* Exercise brief *
From the listing below, set down exactly the lines between the one holding "Sokak ortasında kadına" and the one holding "Deon Lyons stands", inclusive. No other line is wanted.

* Records shown *

§

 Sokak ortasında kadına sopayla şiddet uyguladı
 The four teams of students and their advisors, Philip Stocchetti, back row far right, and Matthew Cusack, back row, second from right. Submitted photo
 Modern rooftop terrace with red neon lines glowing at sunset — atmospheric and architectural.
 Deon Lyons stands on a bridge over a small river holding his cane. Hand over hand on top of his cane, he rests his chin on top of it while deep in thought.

§

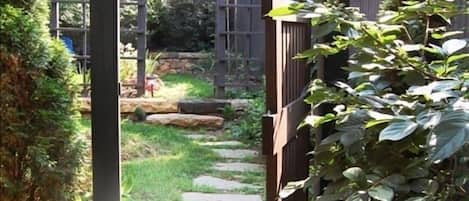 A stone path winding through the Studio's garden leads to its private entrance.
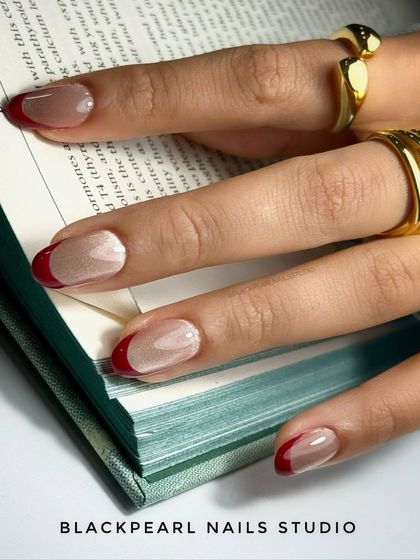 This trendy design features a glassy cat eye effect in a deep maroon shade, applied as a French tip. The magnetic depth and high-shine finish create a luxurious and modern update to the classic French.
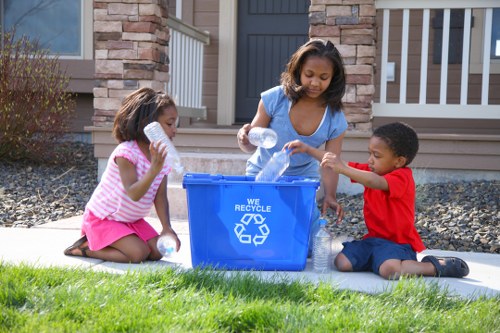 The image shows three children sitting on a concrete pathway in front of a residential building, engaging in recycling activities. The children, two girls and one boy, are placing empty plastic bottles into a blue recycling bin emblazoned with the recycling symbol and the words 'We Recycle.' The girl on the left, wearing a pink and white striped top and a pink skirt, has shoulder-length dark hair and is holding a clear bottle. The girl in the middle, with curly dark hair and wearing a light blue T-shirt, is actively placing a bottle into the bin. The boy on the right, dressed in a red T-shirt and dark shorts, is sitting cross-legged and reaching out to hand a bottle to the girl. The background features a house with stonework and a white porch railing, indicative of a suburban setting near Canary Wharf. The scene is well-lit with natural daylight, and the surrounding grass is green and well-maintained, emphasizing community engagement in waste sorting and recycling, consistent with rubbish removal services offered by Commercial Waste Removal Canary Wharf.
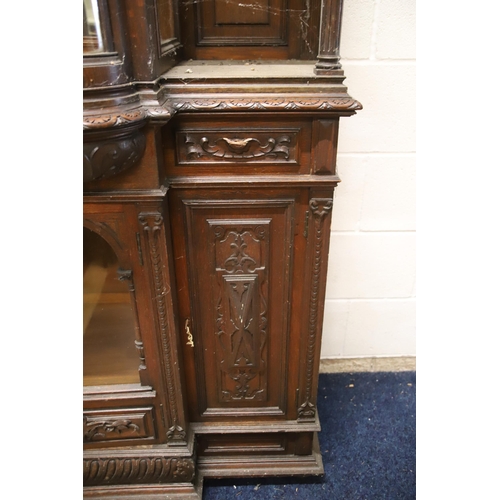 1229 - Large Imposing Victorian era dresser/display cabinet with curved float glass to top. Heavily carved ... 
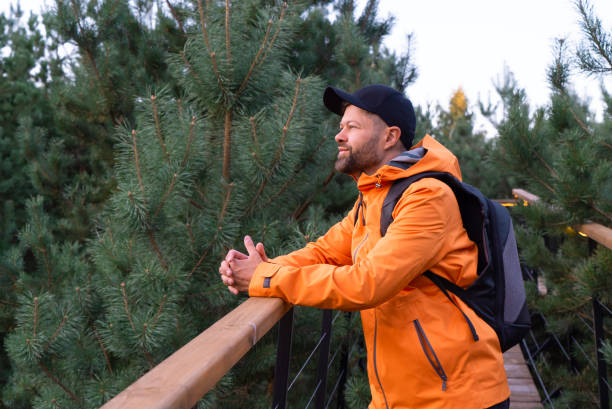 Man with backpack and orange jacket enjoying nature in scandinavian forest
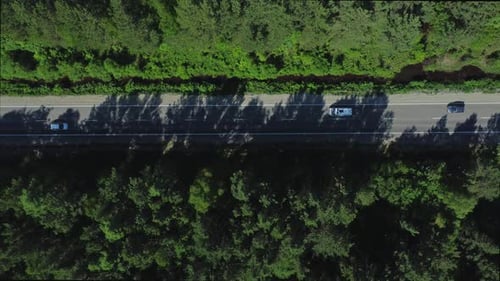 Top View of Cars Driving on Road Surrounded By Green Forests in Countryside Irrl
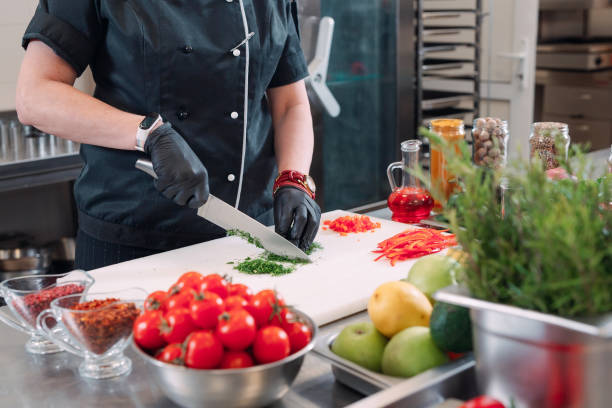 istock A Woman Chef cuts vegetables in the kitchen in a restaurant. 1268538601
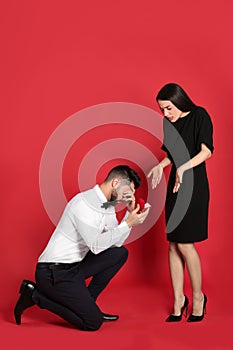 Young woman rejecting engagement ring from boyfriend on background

§

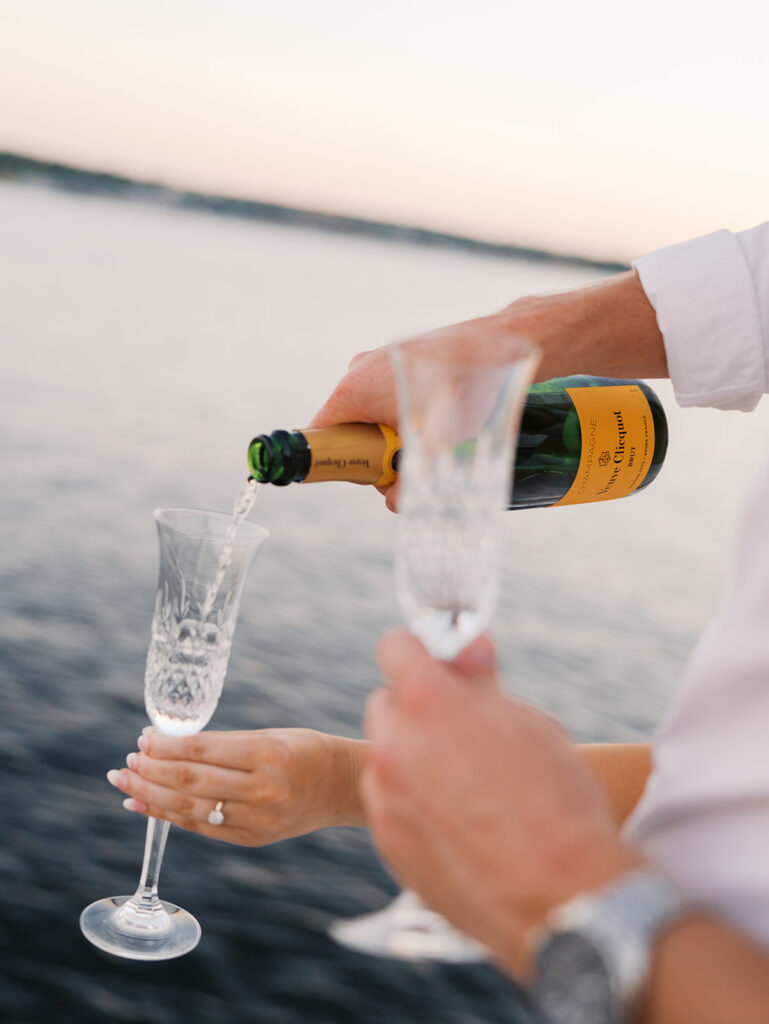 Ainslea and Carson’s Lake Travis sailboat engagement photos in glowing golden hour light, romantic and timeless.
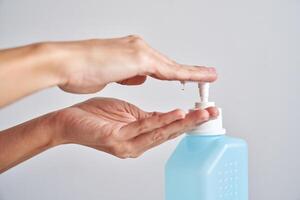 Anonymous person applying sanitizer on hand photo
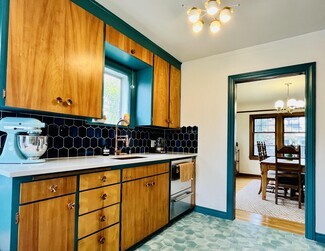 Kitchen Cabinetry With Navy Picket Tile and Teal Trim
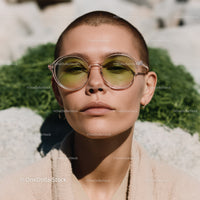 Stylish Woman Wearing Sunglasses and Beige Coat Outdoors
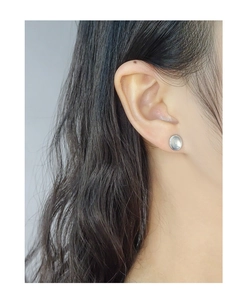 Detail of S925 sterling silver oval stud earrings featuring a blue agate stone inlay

§

* Answer space *
 Sokak ortasında kadına sopayla şiddet uyguladı
 The four teams of students and their advisors, Philip Stocchetti, back row far right, and Matthew Cusack, back row, second from right. Submitted photo
 Modern rooftop terrace with red neon lines glowing at sunset — atmospheric and architectural.
 Deon Lyons stands on a bridge over a small river holding his cane. Hand over hand on top of his cane, he rests his chin on top of it while deep in thought.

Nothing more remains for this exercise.